Par ses formes atypiques, à l’échelle territoriale et urbaine (la ville de Brazillia) ou à celle du projet architectural (université de Constantine), l’architecture de Niemeyer est élevée, ou réduite, selon le regard critique que l’on adopte, à sa forme pure, jusqu’à confondre ou assimiler l’architecture à de la sculpture. Le livre ouvert de l’auditorium de l’université de Constantine n’a de sens que vu du ciel (c’est le passage des avions vers l’aéroport de la ville à Ain L’bey). Le pied droit en béton au centre de la grande esplanade de la même université ne sert à rien sur le plan constructif. Il symbolise parait-il un stylo !

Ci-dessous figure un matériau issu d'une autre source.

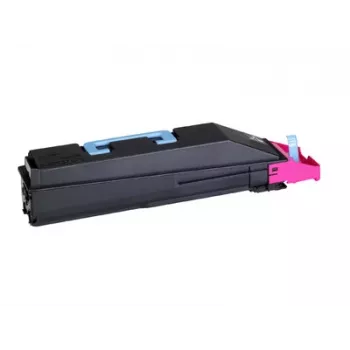 KYOCERA TK-880M toner cartridge 1 pc(s) Original Magenta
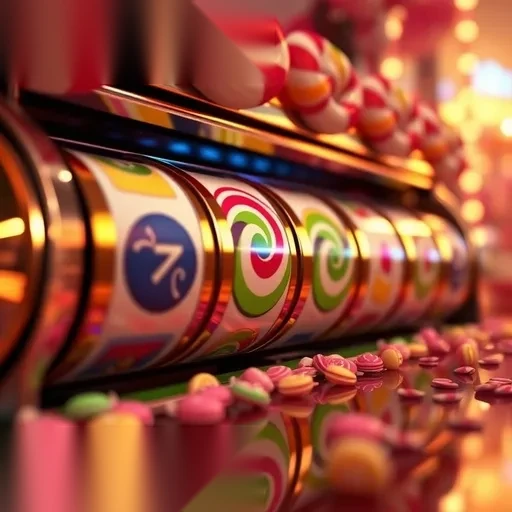 Catálogo 7311bet 3.100+ jogos - Pragmatic Play, Evolution, NetEnt
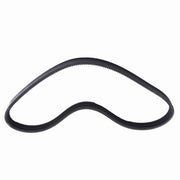 DURAFORCE 6736775 New 3 Grooves Drive Pump Belt Fits Bobcat 753 S130 S185 S205 T180 T190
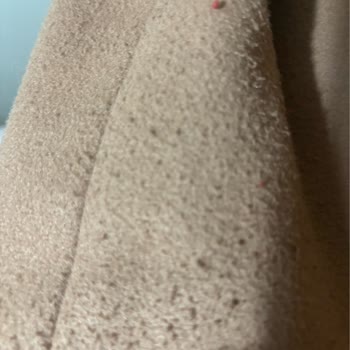 Deforme Kaban İçin Değişim Ve İade Talebime Cevap Gelmedi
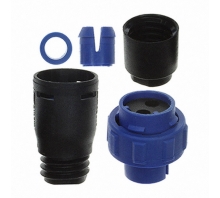 PX0410/02S/5560-Bild.
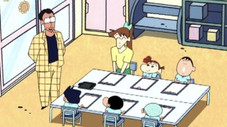 Épisode 24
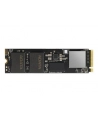 adata Dysk SSD XPG GAMIX S70 BLAD-E 1TB PCIe 4x4 7.4/5.5 GBs - nr 22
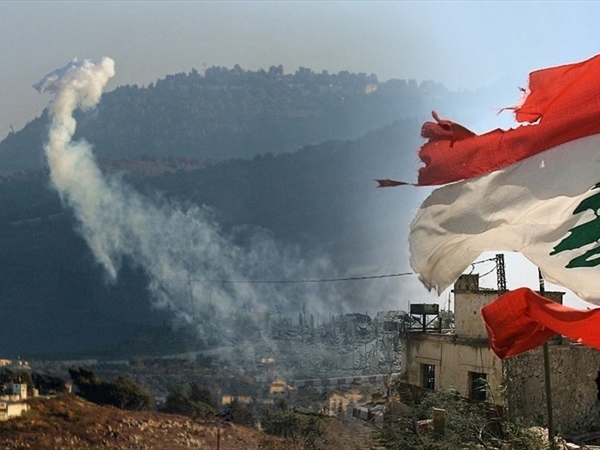 الجنوب حكاية الأرض التي لا تنكسر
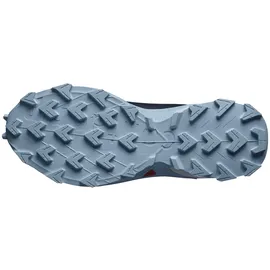 Salomon »SUPERCROSS 4« Trailrunningschuhe Salomon anthrazit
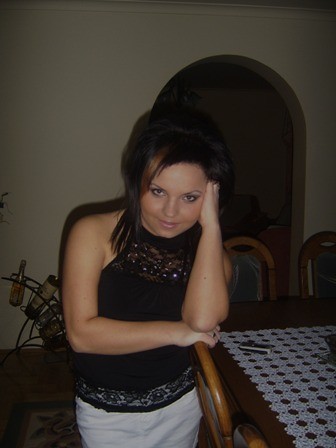 Wpis malutka071990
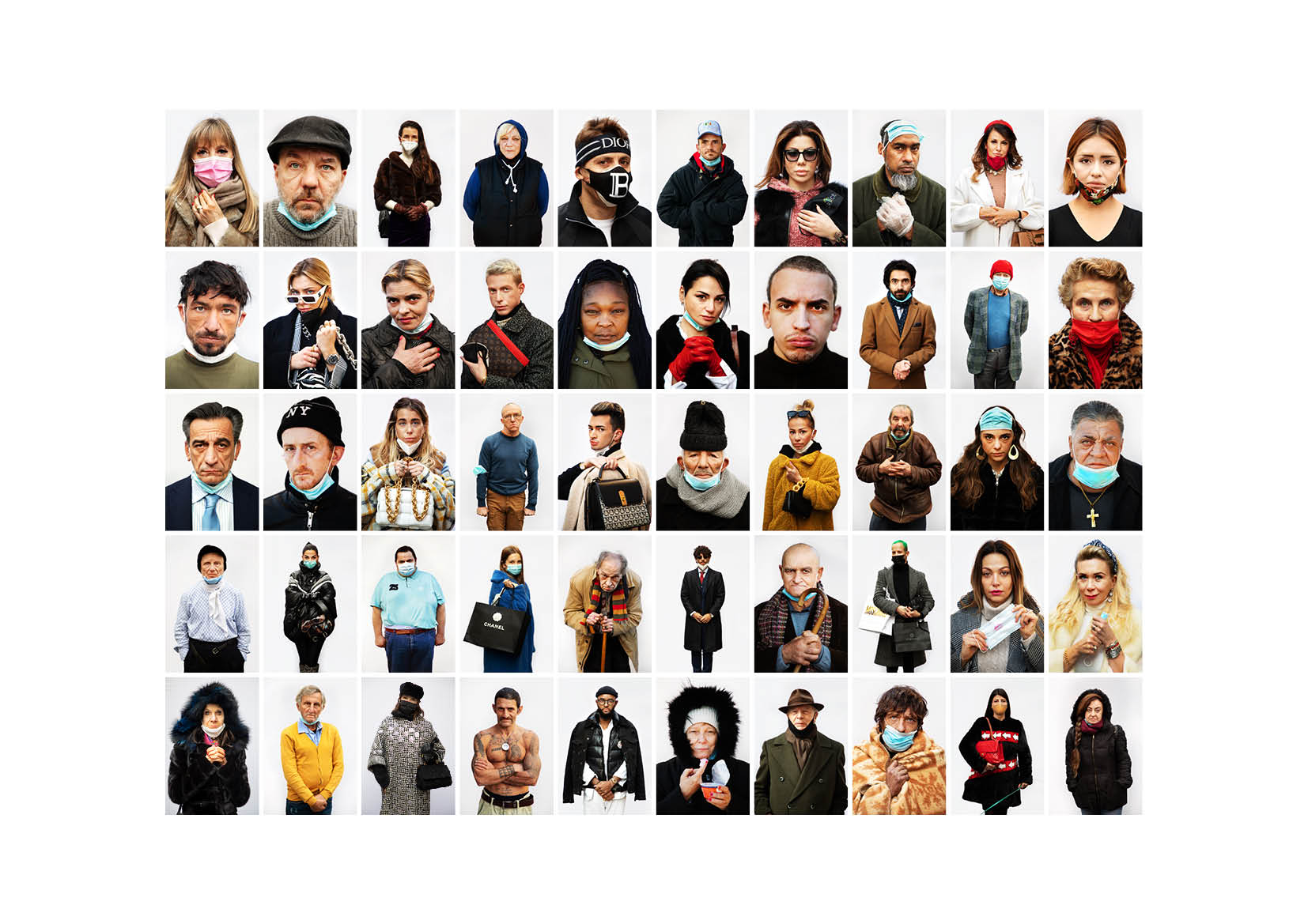 SpucchesStudio-PortfolioFoto-033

Quoiqu’il en soit, à travers l’œuvre de Niemeyer, le débat sur l’architecture et la ville est ouvert. Laissons-le ouvert…comme l’auditorium de Constantine !

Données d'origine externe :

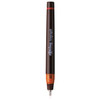 rOtring Isograph Pen 0.4mm-R1903491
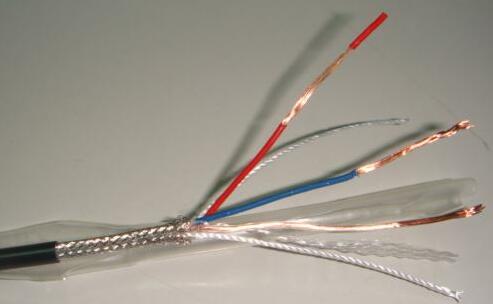 PG电子·(试玩)游戏官网入口 -pgsoft-games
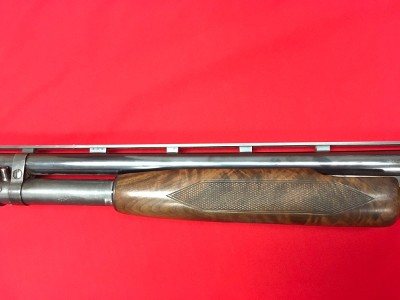 WINCHESTER MODEL 12 - 12 GAUGE 12 GA - Image 3 of 3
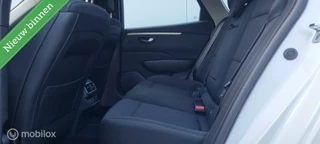 Renault Talisman Renault Talisman Estate 1.3 TCe Business Intens - afbeelding nr 20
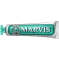 Marvis Dentifricio Classic Strong 85 ml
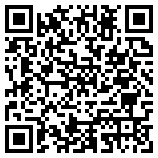 QR Code for Ambulance in DE FOREST, WI 53532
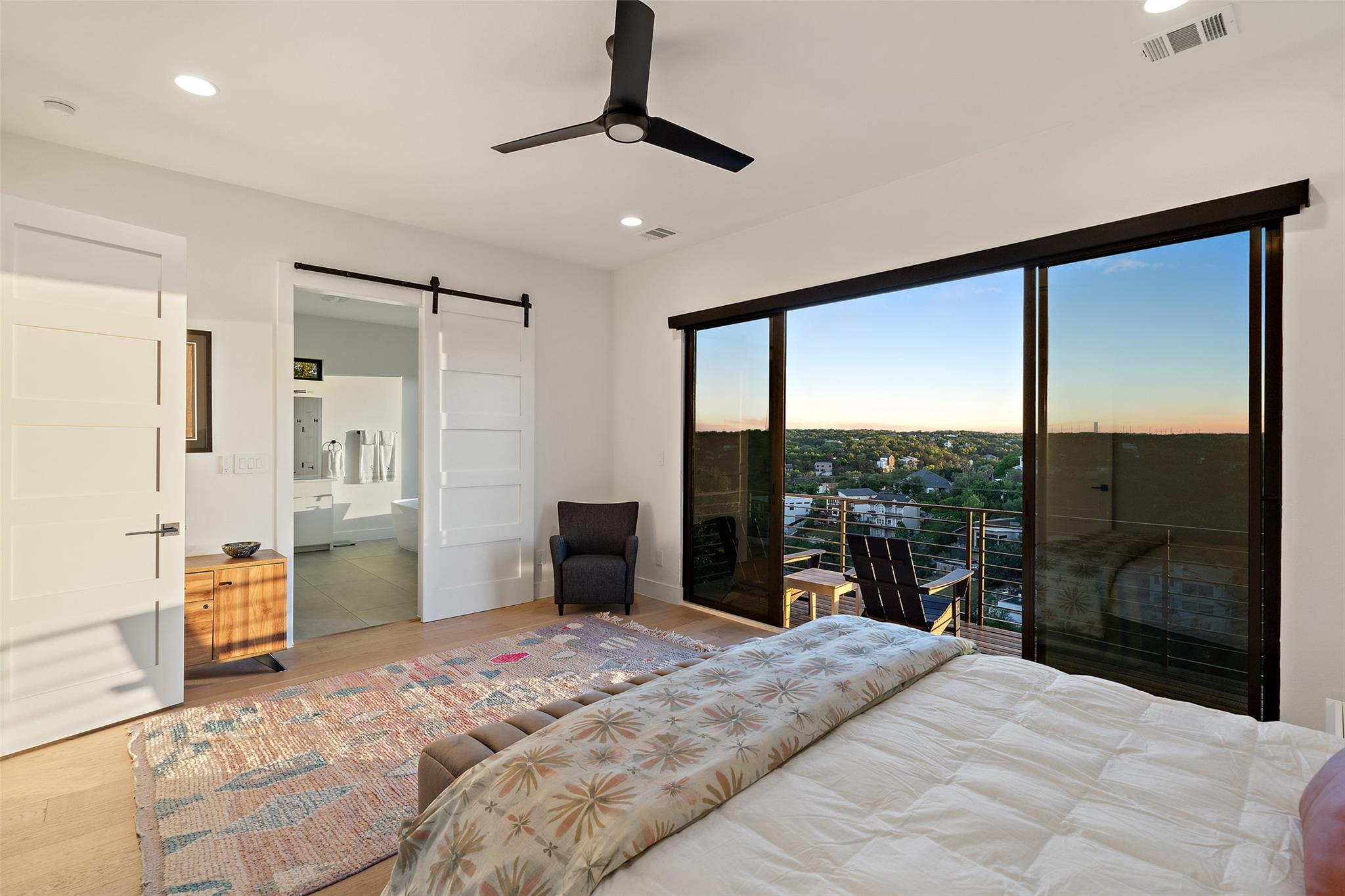 14417 Cochise Trail
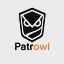 Patrowl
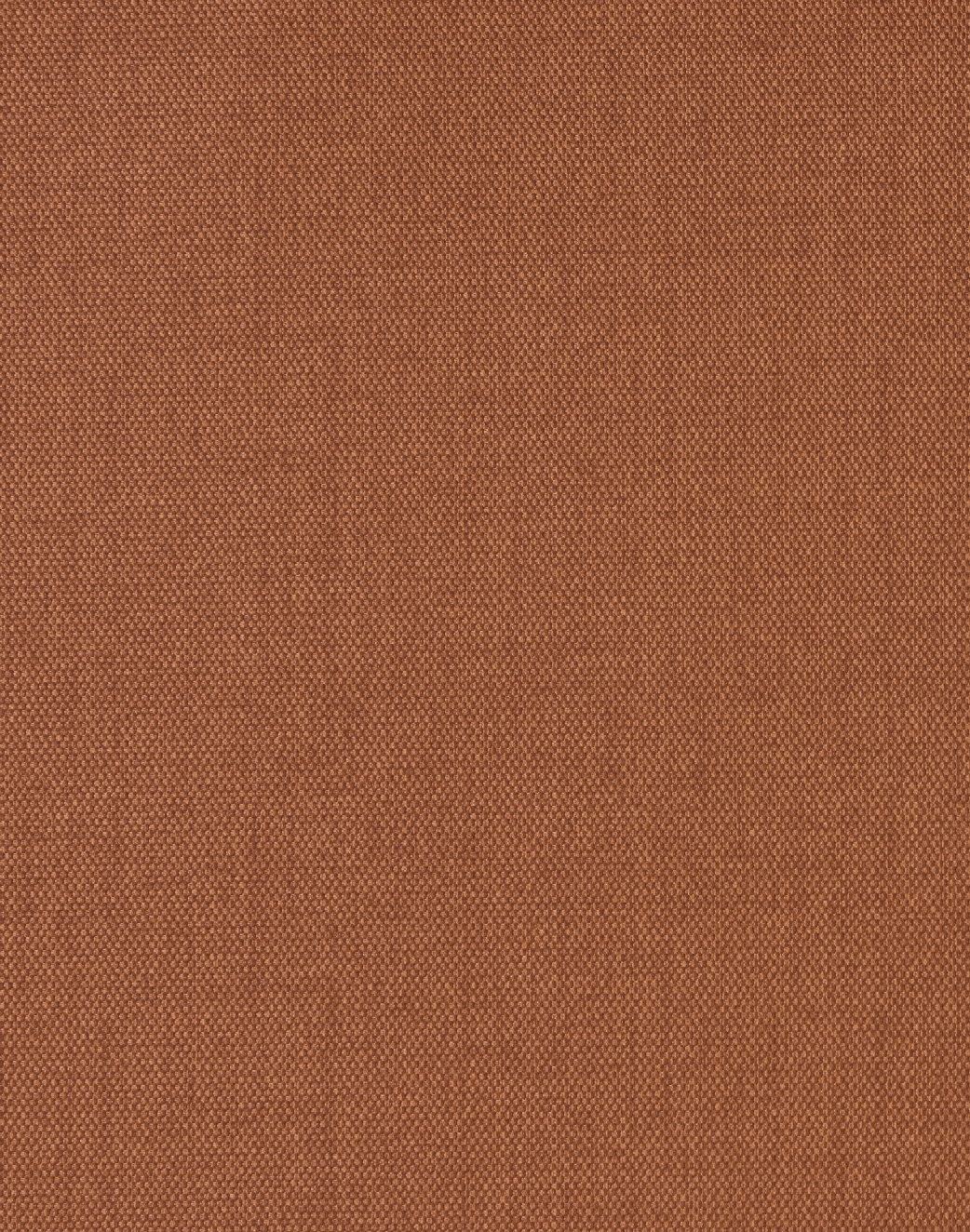 metrico-T09-moka-05@2x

Il aura toutefois marqué l’architecture du 20° siècle. Il a aussi accompagné la formation de l’espace algérien le temps d’un espoir, espoir d’une société qui venait de sortir des décombres d’une colonisation atroce. Aujourd’hui, l’espace algérien est toujours à la recherche d’une modernité qui entre temps est passée au post-modernisme. Le post-modernisme n’est au fait qu’un modernisme de bas étage, ou se combine « le symbolisme du laid et de l’ordinaire en architecture » que revendique l’architecte américain R. Venturi [8]. Une architecture qui exalte l’activité commerciale la plus vulgaire, celle des enseignes lumineuses, des façades de casinos des centres commerciaux et des pompes à essences, celles qui encombrent nos routes et les bordures des autoroutes.
Le 15-12-2012
Nadir Djermoune
Architecte-Urbaniste ; Enseignant au département d’architecture à l’université de Blida.